## Information provided:
****
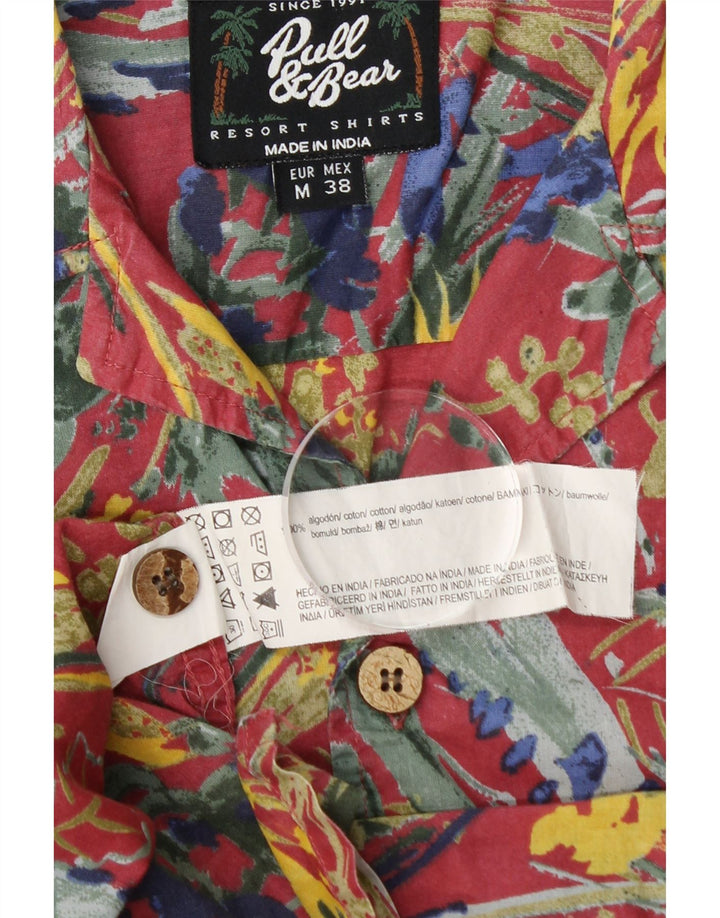 PULL & BEAR Mens Short Sleeve Shirt Medium Pink Floral Cotton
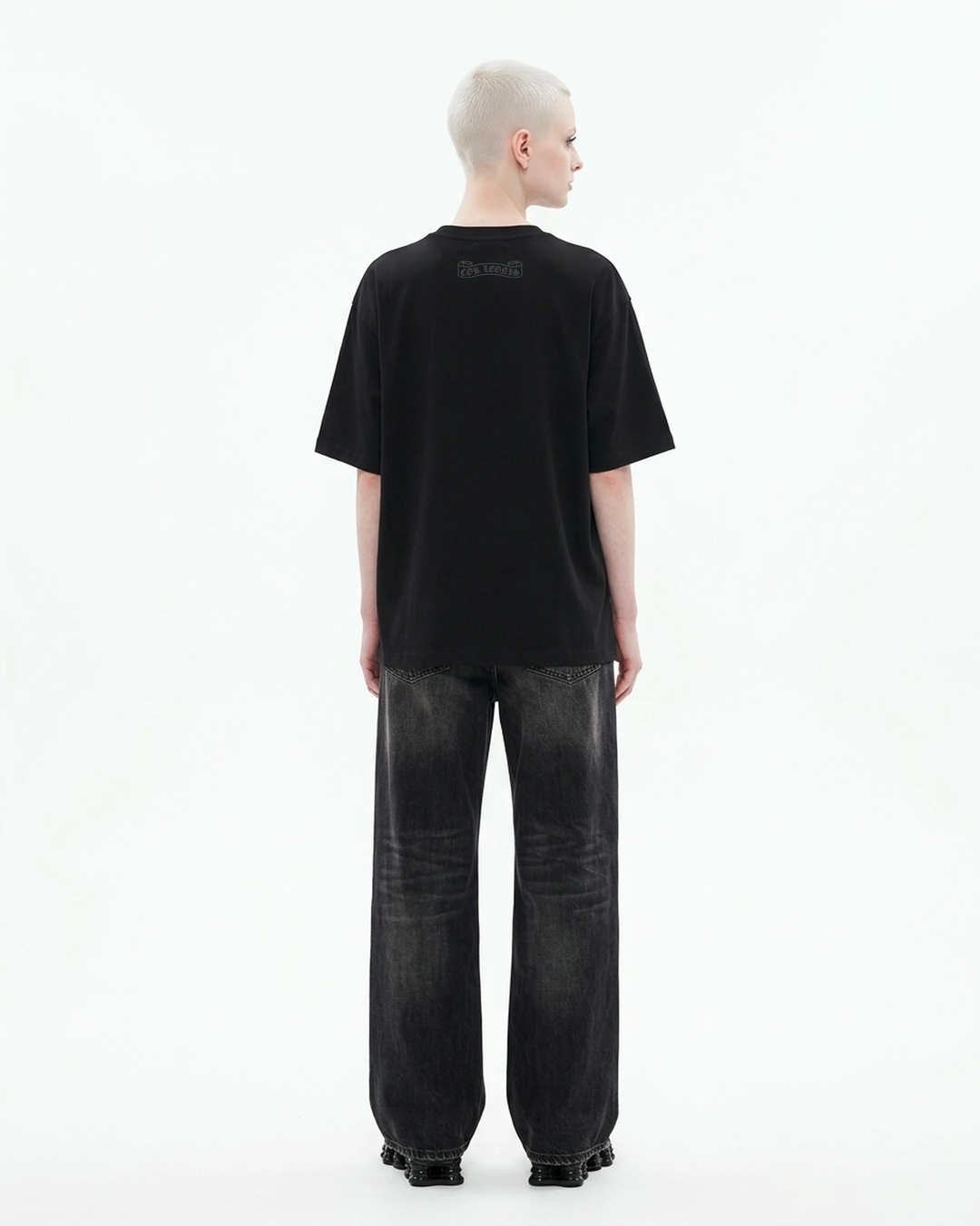 Scatter Cross Regular Fit Tee Black Back View — Cor Leonis Gothic Streetwear SS26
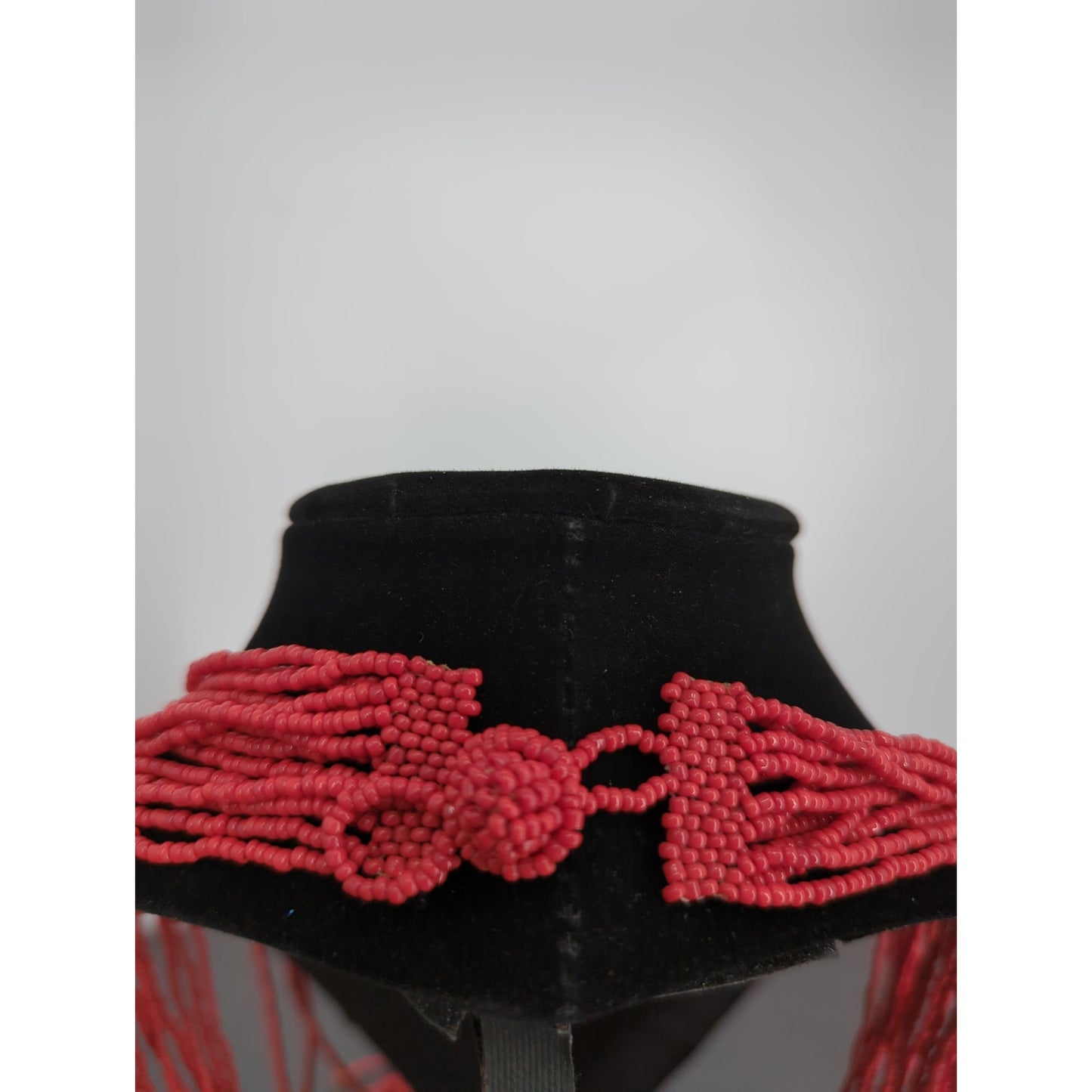 Vintage Red Seed Bead Tassel Necklace Multi Strand Waterfall Boho Statement 18"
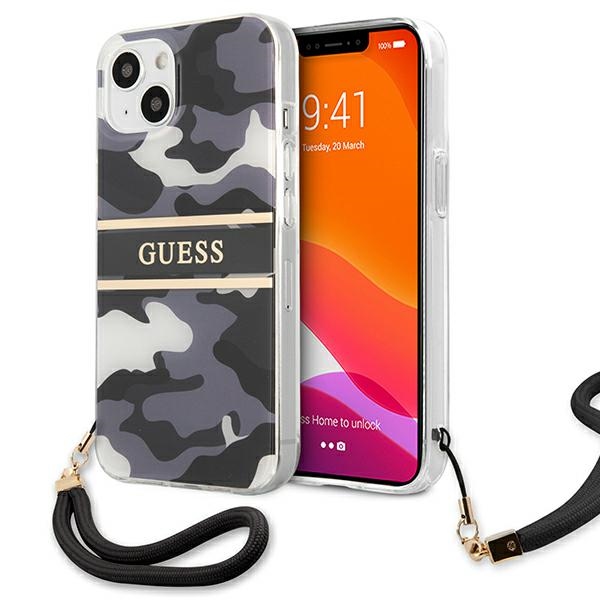 iTok webáruház - Guess Guess GUHCP13MKCABBK iPhone 13 6,1 hüvelykes fekete keménytok, Camo Strap Collection 1 Guess GUHCP13MKCABBK iPhone 13 6.1" black/black hardcase Camo Strap Collection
****
## Your goal:
Transcribe all of the lines above exactly as given. The pictures stay out.

## Answer area:
 PULL & BEAR Mens Short Sleeve Shirt Medium Pink Floral Cotton
 Scatter Cross Regular Fit Tee Black Back View — Cor Leonis Gothic Streetwear SS26
 Vintage Red Seed Bead Tassel Necklace Multi Strand Waterfall Boho Statement 18"
 iTok webáruház - Guess Guess GUHCP13MKCABBK iPhone 13 6,1 hüvelykes fekete keménytok, Camo Strap Collection 1 Guess GUHCP13MKCABBK iPhone 13 6.1" black/black hardcase Camo Strap Collection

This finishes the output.